## Task brief:
Without the pictures, print the lines from the one holding "Used 2018 Chevrolet" through the last line below, both included, exactly as they stand.

## Supplied data:

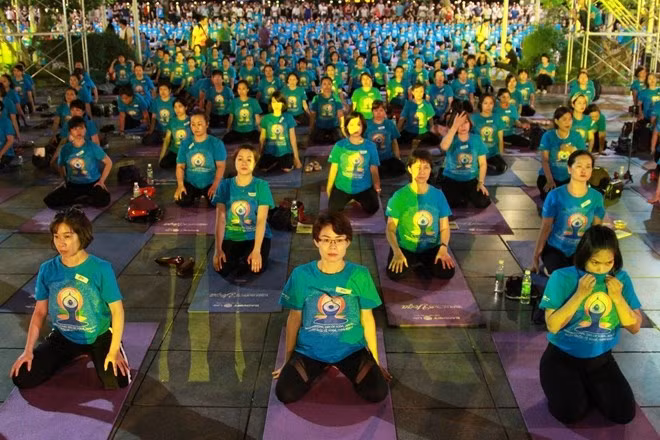 Casi mil personas participan en ejercicios masivos de yoga en Da Nang ảnh 1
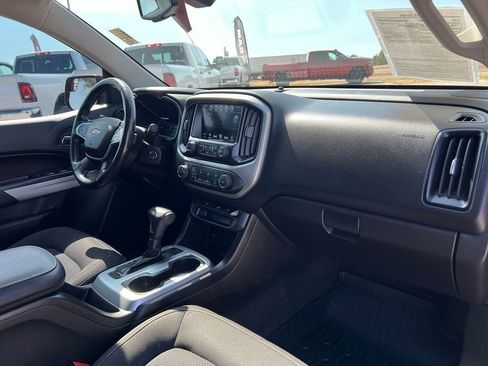 Used 2018 Chevrolet Colorado LT w/ LT Convenience Package RWD image 28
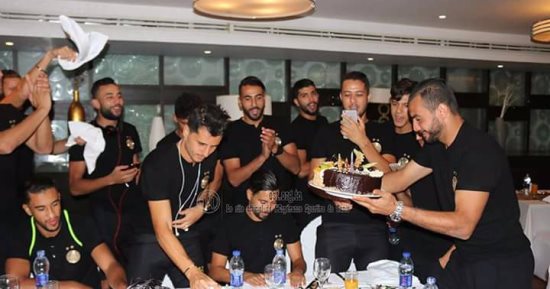 بالصور.. نجوم الترجى يحتفلون بعيد ميلاد قائد الفريق بعد الفوز على النفط 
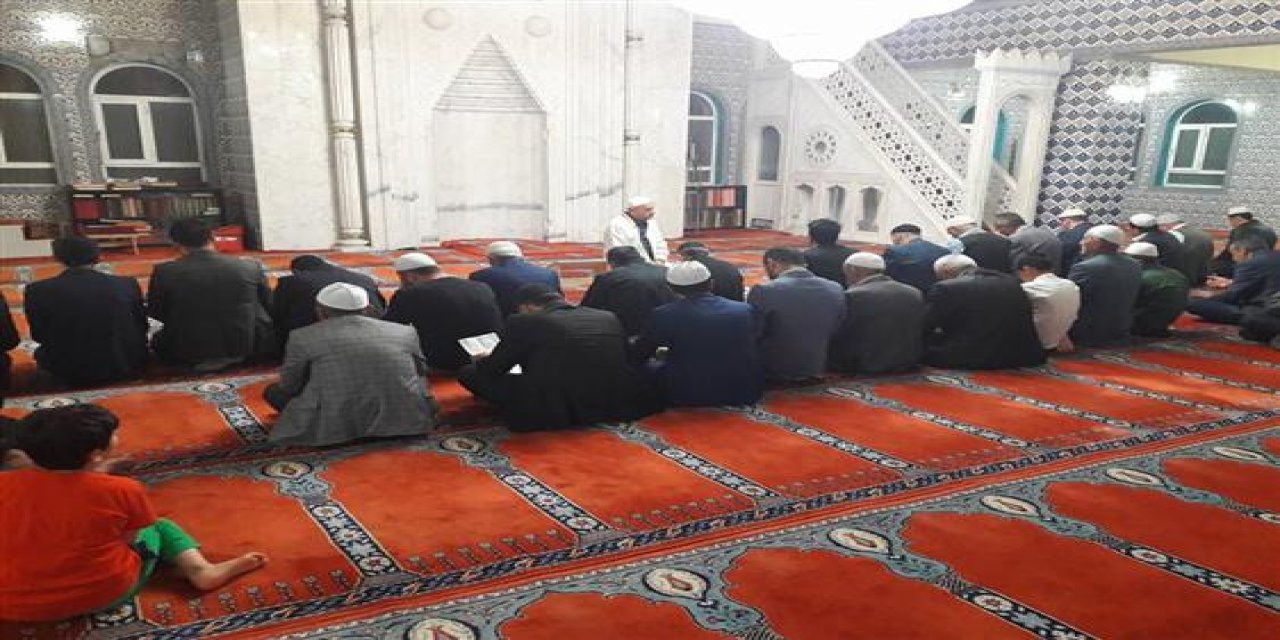 Şırnak’ta Cuma Namazı Sonrası Mevlid Programı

## Task result:
 Used 2018 Chevrolet Colorado LT w/ LT Convenience Package RWD image 28
 بالصور.. نجوم الترجى يحتفلون بعيد ميلاد قائد الفريق بعد الفوز على النفط 
 Şırnak’ta Cuma Namazı Sonrası Mevlid Programı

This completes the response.